I’ve been spending more and more time in London recently, and I can’t say I’m a massive fan. No offense London. I think people fall in to 2 categories, London People, and Not London People. I fall firmly in the camp of ‘Not a London person’. The crowds make me anxious and I always get really weird vivid dreams after a day in London. I think it is all the new faces, millions of people and so many different things to look at leaves me a little bit wired at the end of the day. Not to mention the train journey, and, normally chocolate or sweets – come on, it’s me…. that tends to leave me on a slight sugar high, and then a come down.

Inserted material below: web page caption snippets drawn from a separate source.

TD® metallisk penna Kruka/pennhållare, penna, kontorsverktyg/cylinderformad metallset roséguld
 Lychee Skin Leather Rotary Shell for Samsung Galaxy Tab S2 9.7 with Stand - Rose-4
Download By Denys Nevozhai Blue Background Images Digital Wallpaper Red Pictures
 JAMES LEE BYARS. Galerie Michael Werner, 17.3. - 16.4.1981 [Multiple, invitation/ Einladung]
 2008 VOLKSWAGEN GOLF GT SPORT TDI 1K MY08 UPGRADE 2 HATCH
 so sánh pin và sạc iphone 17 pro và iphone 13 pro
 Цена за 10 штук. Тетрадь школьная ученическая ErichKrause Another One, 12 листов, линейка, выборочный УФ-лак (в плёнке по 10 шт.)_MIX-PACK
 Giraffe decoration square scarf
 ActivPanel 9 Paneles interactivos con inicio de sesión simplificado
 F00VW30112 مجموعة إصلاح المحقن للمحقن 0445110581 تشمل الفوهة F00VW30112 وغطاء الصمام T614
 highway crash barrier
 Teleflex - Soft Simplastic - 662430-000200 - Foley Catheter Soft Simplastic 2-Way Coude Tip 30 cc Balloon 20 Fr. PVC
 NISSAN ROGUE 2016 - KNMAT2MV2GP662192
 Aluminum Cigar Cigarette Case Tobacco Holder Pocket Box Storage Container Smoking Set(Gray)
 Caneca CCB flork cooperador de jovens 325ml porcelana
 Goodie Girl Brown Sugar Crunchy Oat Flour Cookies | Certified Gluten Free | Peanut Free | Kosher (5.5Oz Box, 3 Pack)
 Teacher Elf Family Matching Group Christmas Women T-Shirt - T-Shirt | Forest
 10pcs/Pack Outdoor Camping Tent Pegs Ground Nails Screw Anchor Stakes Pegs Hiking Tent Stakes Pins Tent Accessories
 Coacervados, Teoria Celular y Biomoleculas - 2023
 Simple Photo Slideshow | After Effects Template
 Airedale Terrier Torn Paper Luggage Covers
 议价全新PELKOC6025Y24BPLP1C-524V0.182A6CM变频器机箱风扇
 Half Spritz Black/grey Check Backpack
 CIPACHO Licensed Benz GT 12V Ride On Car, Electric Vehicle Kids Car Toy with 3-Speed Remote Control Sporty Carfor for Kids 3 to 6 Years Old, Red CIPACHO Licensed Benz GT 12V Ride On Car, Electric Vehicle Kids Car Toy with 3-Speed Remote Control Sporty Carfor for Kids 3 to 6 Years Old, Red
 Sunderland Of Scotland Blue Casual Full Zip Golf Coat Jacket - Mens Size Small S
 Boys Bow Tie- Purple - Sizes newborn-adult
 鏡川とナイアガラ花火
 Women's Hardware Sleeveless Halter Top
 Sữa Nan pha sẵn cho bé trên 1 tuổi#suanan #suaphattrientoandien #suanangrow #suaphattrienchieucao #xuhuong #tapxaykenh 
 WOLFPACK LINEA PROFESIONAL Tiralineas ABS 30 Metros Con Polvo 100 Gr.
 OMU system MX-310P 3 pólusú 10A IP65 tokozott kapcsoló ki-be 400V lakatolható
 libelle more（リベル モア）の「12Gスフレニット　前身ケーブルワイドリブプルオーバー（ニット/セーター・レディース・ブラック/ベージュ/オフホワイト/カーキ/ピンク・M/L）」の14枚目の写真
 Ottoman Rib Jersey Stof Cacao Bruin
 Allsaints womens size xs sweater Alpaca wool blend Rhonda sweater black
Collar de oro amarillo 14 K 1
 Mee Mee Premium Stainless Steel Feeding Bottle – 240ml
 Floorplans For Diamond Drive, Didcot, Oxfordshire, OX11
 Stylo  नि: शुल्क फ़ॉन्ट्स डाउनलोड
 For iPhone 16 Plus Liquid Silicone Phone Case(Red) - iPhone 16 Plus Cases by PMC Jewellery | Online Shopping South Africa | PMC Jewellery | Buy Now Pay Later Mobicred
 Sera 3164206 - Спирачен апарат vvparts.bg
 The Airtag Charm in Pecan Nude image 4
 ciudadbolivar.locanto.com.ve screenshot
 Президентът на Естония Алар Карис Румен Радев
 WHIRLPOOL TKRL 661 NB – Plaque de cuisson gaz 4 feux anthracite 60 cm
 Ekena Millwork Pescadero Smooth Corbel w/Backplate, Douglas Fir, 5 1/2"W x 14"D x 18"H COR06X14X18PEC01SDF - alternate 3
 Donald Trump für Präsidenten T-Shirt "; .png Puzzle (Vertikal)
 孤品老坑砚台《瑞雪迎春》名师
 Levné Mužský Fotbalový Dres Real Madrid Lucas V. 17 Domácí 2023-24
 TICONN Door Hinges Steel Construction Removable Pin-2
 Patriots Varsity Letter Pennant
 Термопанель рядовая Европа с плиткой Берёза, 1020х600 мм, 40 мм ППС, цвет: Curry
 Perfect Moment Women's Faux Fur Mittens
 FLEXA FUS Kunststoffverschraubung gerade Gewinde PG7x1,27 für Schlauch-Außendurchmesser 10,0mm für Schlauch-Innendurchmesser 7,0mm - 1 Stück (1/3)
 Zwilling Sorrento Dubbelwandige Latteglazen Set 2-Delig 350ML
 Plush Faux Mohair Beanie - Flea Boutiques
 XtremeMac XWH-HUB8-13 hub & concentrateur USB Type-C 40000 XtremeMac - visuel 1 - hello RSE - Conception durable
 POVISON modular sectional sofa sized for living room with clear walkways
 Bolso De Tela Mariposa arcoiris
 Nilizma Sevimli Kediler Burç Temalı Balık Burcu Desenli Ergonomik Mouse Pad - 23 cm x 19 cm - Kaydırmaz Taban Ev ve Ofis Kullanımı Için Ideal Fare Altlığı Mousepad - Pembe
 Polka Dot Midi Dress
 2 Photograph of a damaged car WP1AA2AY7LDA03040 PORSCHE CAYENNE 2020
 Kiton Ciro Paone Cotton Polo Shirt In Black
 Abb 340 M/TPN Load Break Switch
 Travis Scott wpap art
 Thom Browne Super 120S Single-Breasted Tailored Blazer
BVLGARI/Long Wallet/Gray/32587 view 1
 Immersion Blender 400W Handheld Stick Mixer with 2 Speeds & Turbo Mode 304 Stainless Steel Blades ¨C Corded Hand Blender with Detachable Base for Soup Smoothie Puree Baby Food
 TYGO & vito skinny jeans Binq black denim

Last week I realised I was staring at a guy on the tube, I was trying to work out why he looked familiar, I think I saw him on the platform 2 minutes ago but I couldn’t be sure, then my brain went in to overdrive. Was this one of those times where you see the same person in loads of unrelated places? Am I in the Jess Show (you know like the Truman show except with me) and they are reusing the extras? Was he famous? Do I know him? Does he just look like someone I know? Who would that be? Was he following me? Does he think I’m following him? See what I mean about ‘wired’.
This week, I’ve had an epiphany as to why I dislike London. Originally I thought it was because I always have the fear of bumping in to someone I know. I hate small talk on the street when you both have somewhere to be. I know the chances are slim, but it honestly petrifies me. There are people I know, that live or work in London, some I like, some I don’t, but I don’t want to bump in to any of them. I’m usually lost, and miles away from where I need to be, so I don’t really have time to stop, and equally I’m sure they will laugh at how I got so lost. I’m good at laughing at myself, unless I’m stressed then I would advise shutting the F*** up.
Except its not that, I hate London because it makes me feel lost. I always feel slightly lost in life, but at least in other places I have a firm grip on my surroundings. I know where I am geographically heading (most of the time). London I am both literally and metaphorically lost. I have no idea where I am going and honestly, why I am going there. Don’t get me wrong, I love my job – I just don’t really understand life yet, I don’t think anyone does, we just pretend, and I, personally, pretend better in other towns and cities.